Exercise inputs START

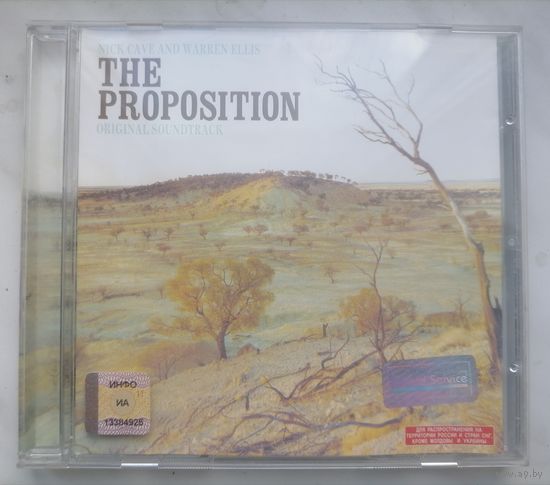 Nick Cave and Warren Ellis – The Proposition, Original Soundtrack, CD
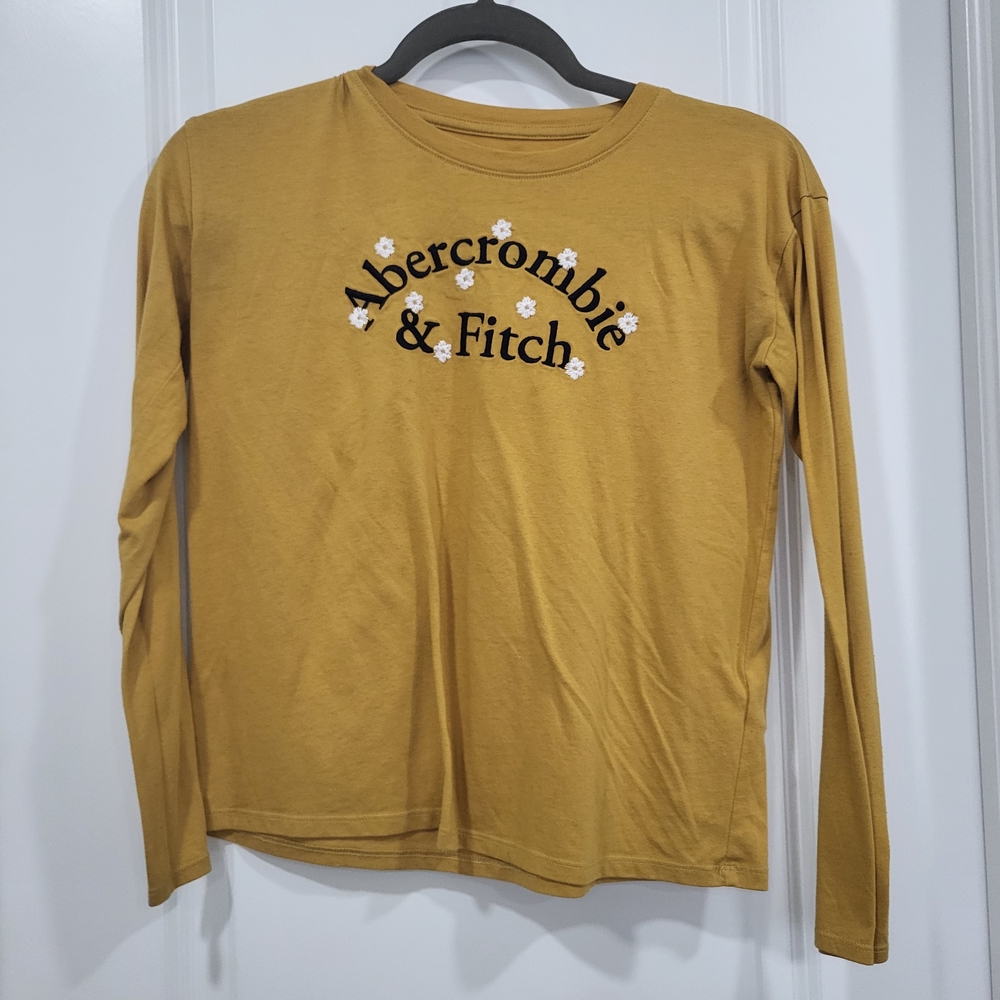 Abercrombie Kids Golden Long Sleeve Tee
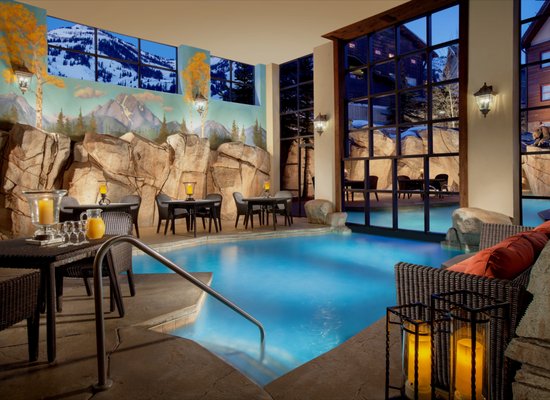 Indoor/Outdoor Pool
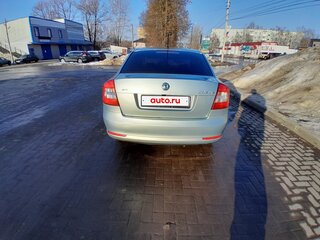 2012 Skoda Octavia II (A5) Рестайлинг, зелёный, 600000 рублей, вид 5
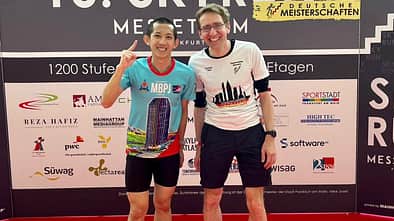 SkyRun Messeturm Frankfurt 2025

Exercise inputs END

Give the entries again exactly, but skip every image.

# Written response
 Nick Cave and Warren Ellis – The Proposition, Original Soundtrack, CD
 Abercrombie Kids Golden Long Sleeve Tee
 Indoor/Outdoor Pool
 2012 Skoda Octavia II (A5) Рестайлинг, зелёный, 600000 рублей, вид 5
 SkyRun Messeturm Frankfurt 2025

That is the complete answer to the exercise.